Warum sollte das für die „Sechste“ Bruckners nicht funktionieren? Seine sinfonische Musik hat schon mehrere ähnliche Probeläufe überstanden, man erinnere an vierhändige Klaviervorträge oder Aufführungen auf zwei Klavieren. Also kein Experiment von Giesen und schon gar nicht der Griff nach der Sechsten, die 1899, verkürzt und umgeschrieben von Gustav Mahler uraufgeführt und von Bruckner als seine „keckste“ genannt wurde.

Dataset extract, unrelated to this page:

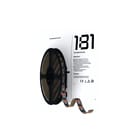 OneEightyOne - LED Strips Lichtslang/-band Digi Led Rgb 16Mm 12V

Sie reagiert dankbar auf die thematisch unabgeschlossene Bauart der Sinfonie, mehrere kleine Motive machen die Dynamik und Sprengung der Form leichter verständlich. Effekte, die Bruckner zu einer verstärkten Klangentdeckung als selbständiger Parameter der Musik nützte. Und ähnlich den Registerkombinationen bei der Orgel sein Herzinstrument vielleicht versteckt sprechen ließ.

Das junge Ensemble, Studierende an der Bruckner Uni, von Meesun Coleman mit professioneller Gestik geleitet, war ganz auf eine romantische Darstellung der Klangfarbigkeit des neuen Bruckner eingestellt. Diesem Bruckner fehlte gar nichts an bewundernswerten Leistungen.

Die Transparenz der Sätze, instrumental betonte Konfrontation ohne scharfe Töne, kurzum eine emotionale Innigkeit bei allem Eifer und Ernst der verantwortungsvollen Aufgabe. Dass das Harmonium aus der Bruckner-Partitur durch ein Elektroklavier ersetzt werden musste, sei nur eine Randbemerkung. Bruckners Sinfonie Nr. 6 A-Dur in einer verkürzten Besetzung hören zu können, sollte auch in Hinkunft möglich sein.